Web page caption snippets:
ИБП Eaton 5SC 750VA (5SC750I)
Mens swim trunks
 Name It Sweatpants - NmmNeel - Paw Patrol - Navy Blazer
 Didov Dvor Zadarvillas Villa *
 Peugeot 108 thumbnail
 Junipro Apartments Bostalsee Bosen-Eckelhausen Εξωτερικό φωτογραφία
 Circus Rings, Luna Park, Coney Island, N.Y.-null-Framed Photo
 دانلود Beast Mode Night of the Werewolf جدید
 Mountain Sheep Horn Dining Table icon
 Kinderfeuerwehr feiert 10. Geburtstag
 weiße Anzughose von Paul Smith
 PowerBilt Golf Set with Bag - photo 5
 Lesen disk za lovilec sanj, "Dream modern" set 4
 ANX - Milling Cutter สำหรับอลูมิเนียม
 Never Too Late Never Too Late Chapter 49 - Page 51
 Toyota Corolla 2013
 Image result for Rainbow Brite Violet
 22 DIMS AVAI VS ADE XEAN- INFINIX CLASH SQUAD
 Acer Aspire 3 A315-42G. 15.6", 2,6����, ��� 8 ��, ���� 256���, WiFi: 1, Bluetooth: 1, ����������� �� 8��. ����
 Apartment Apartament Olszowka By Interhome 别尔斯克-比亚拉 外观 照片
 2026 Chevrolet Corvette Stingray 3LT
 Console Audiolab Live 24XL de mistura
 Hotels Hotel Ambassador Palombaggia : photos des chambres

§ YOUR GOAL
From the first line to the last, return the data exactly.

§ TASK RESPONSE
ИБП Eaton 5SC 750VA (5SC750I)
Mens swim trunks
 Name It Sweatpants - NmmNeel - Paw Patrol - Navy Blazer
 Didov Dvor Zadarvillas Villa *
 Peugeot 108 thumbnail
 Junipro Apartments Bostalsee Bosen-Eckelhausen Εξωτερικό φωτογραφία
 Circus Rings, Luna Park, Coney Island, N.Y.-null-Framed Photo
 دانلود Beast Mode Night of the Werewolf جدید
 Mountain Sheep Horn Dining Table icon
 Kinderfeuerwehr feiert 10. Geburtstag
 weiße Anzughose von Paul Smith
 PowerBilt Golf Set with Bag - photo 5
 Lesen disk za lovilec sanj, "Dream modern" set 4
 ANX - Milling Cutter สำหรับอลูมิเนียม
 Never Too Late Never Too Late Chapter 49 - Page 51
 Toyota Corolla 2013
 Image result for Rainbow Brite Violet
 22 DIMS AVAI VS ADE XEAN- INFINIX CLASH SQUAD
 Acer Aspire 3 A315-42G. 15.6", 2,6����, ��� 8 ��, ���� 256���, WiFi: 1, Bluetooth: 1, ����������� �� 8��. ����
 Apartment Apartament Olszowka By Interhome 别尔斯克-比亚拉 外观 照片
 2026 Chevrolet Corvette Stingray 3LT
 Console Audiolab Live 24XL de mistura
 Hotels Hotel Ambassador Palombaggia : photos des chambres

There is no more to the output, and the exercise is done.